John McCain had been on a roll going into Saturday’s elections, but his loss in Kansas and the close races in Louisiana and Washington stopped that short.
On Friday at CPAC, former U.N. Ambassador John Bolton sung McCain’s praises and then heartily endorsed him on Saturday. Senate Minority Leader Mitch McConnell and Fred Thompson got on the McCain bandwagon too. The Wall Street Journal’s editors disparaged the notion that social conservatives should sit home or vote for Hillary Clinton ( “What they can’t do with any credibility is claim that helping to elect a liberal President will further the causes that these conservatives claim to believe most deeply in”) while President Reagan’s National Security Advisor Robert McFarlane doesn’t think much of the talk show critics’ suggestion that we hand management of the war over to one of the Democrats. Newt Gingrich recognizes the obvious ( “He’s had a lifetime voting record that’s dramatically more conservative than Clinton and Obama”) and Larry Kudlow voices support as well.
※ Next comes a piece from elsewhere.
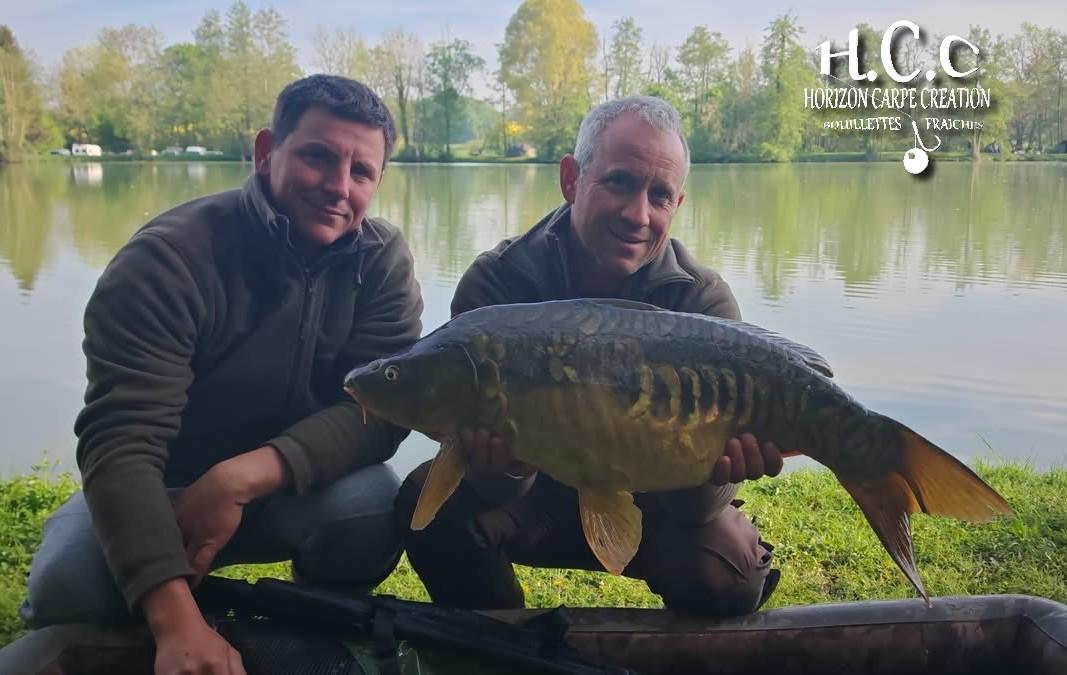 CYRIL ET MANU NACQUEMOUCHE - CONSULTANTS HCC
Bill Kristol thinks the anti-McCain sentiment among conservatives is exaggerated, and a simple account from the campaign trail reveals a obvious truth: lots of conservatives have supported McCain all along. Otherwise he wouldn’t be closing in on the magic delegate number of 1191. (A Newsweek poll shows 75% of conservatives and 69% of conservatives would be “happy” with McCain as the nominee.)
Nevertheless, the best thing McCain can do now is win the trio of primaries on Tuesday and Wisconsin the following week. I suspect that he won’t have any luck chasing Huckabee out of the race until he hits the winning total of 1191 delegates.